▸ Your goal
Identify every line in the records below that contains the word "account", and reproduce each one.

▸ Data extract
━━━━━━━━━━━━━━━━━━━━━━━━━━━━━━
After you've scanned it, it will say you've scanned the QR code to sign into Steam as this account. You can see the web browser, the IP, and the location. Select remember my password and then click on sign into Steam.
━━━━━━━━━━━━━━━━━━━━━━━━━━━━━━
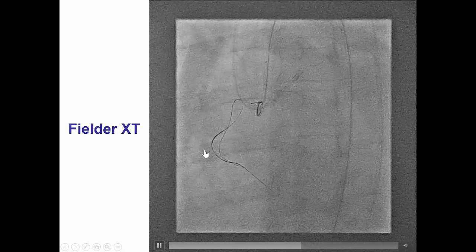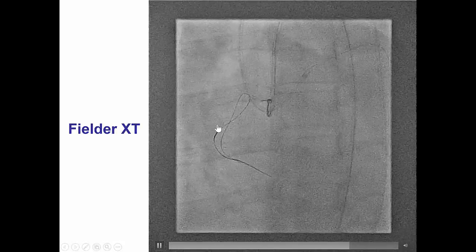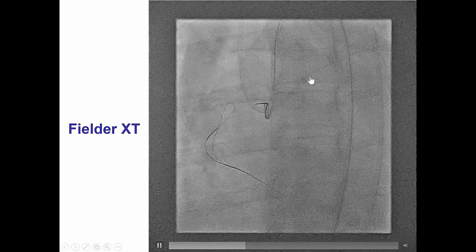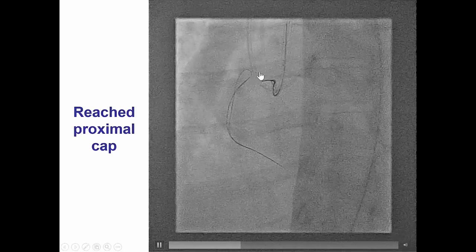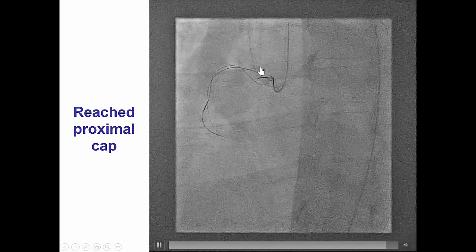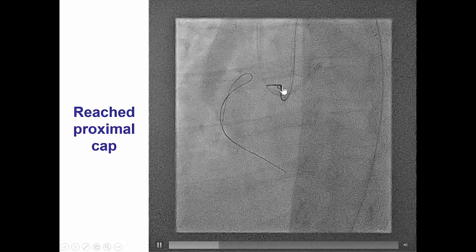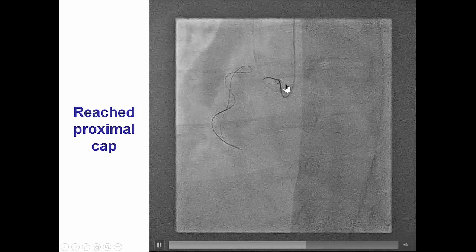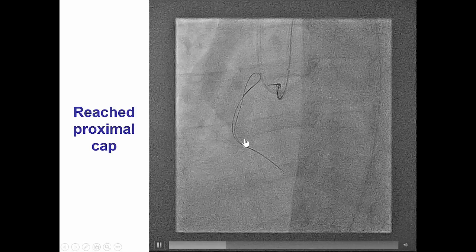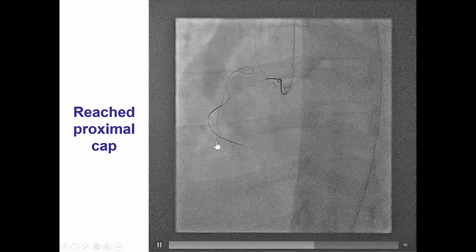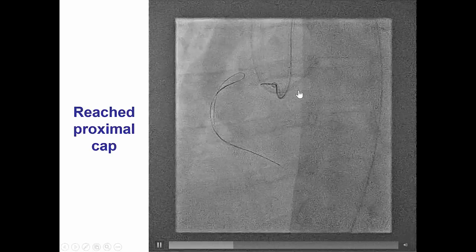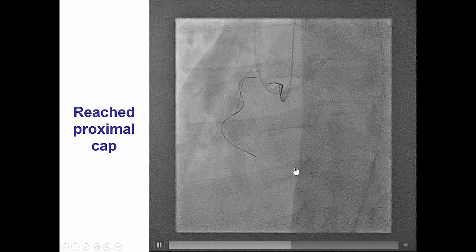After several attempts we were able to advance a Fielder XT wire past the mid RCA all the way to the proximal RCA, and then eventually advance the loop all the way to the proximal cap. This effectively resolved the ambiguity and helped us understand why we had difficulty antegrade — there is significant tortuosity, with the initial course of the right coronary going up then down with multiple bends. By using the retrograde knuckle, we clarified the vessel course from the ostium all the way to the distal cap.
━━━━━━━━━━━━━━━━━━━━━━━━━━━━━━
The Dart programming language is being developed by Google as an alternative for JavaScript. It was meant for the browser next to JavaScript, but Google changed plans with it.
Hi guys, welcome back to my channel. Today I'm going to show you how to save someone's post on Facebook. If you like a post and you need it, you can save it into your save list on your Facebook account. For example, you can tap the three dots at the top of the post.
━━━━━━━━━━━━━━━━━━━━━━━━━━━━━━
▸ Answer space
After you've scanned it, it will say you've scanned the QR code to sign into Steam as this account. You can see the web browser, the IP, and the location. Select remember my password and then click on sign into Steam.
Hi guys, welcome back to my channel. Today I'm going to show you how to save someone's post on Facebook. If you like a post and you need it, you can save it into your save list on your Facebook account. For example, you can tap the three dots at the top of the post.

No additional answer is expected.